Professor James Beverley of Tyndale University in Toronto, Canada has written and lectured extensively on the issues surrounding the Da Vinci Code. The following open letter is printed in his book, Counterfeit Code, which is available from http://jamesbeverley.com
March 7, 2005
Dear Dan,
We have never met, though, as mentioned in my book, we both knew Martyn Percy, the Anglican Scholar. I was going to write a conclusion that stated that no number of replies to The Da Vinci Code will do much to stop millions from believing its radical and misleading theories about Jesus, Mary Magdalene, the Gnostic Gospels, Constantine and the Bible, the Priori Sion, and so on. I then realized that statement was not true. In fact, you could correct the serious mistakes you have made in your book. These errors have hurt people both spiritually and intellectually.

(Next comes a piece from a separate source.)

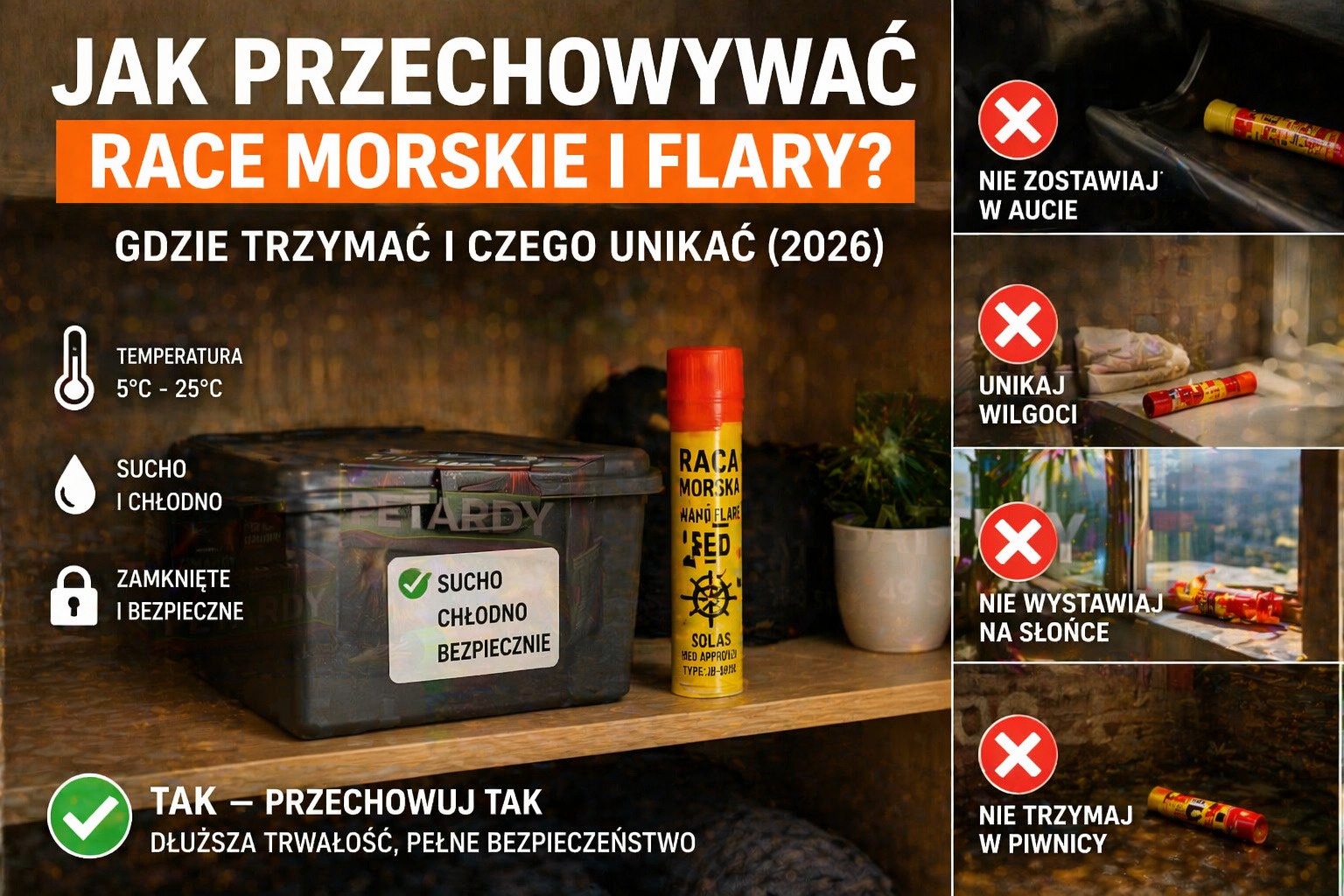 Jak przechowywać race morskie i flary? Gdzie trzymać i czego unikać (2026)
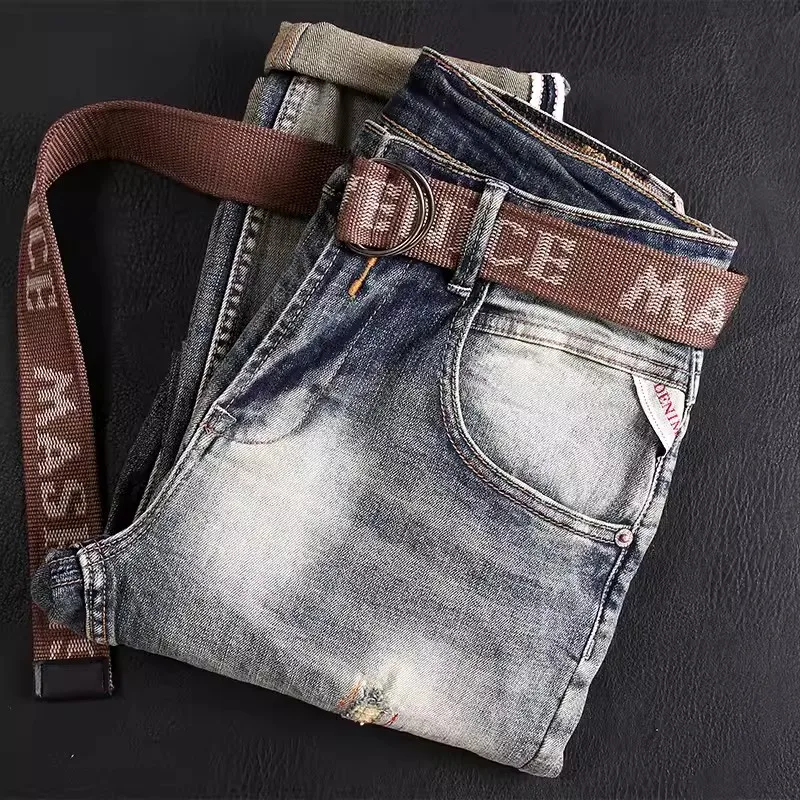 Jeans Hip Hop bordado masculino, elástico lavado, perfurado, elegante, retrô, cinza, azul, designer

So, that is why I am sending this open letter to you. I defend your freedom to believe and write what you want. I admire your discipline as a writer. I also noted earlier in this book that you seem like a really nice guy, based on what I have seen of you in documentaries and in television interviews. I know that you had no idea that The Da Vinci Code would become one of the best-selling books of all time. I'm sure that you never imagined that you would become one of the most influential spiritual writers of our new century.
With this powerful platform and influence comes a solemn responsibility. Dan, I urge you to reconsider many of the views that you have advanced in both The Da Vinci Code and Angels and Demons. You claim to be a follower of Jesus Christ. You also claim that you believe in doing careful and exhaustive research. Given both of these claims, I believe you owe it to your readers and to Christ to reconsider your theories.
I am not questioning your motives or judging your heart. Rather, I am trying to get you to see that many of the ideas in your two novels are inconsistent with what it means to be a Christian and what it means to do careful research and thinking. So far, you have simply avoided answering your critics. You seem largely content to rest on your popularity. In your occasional public comments you rely on your very superficial arguments to defend views and ideas that are false, irrational, unhistorical, and anti-Christian.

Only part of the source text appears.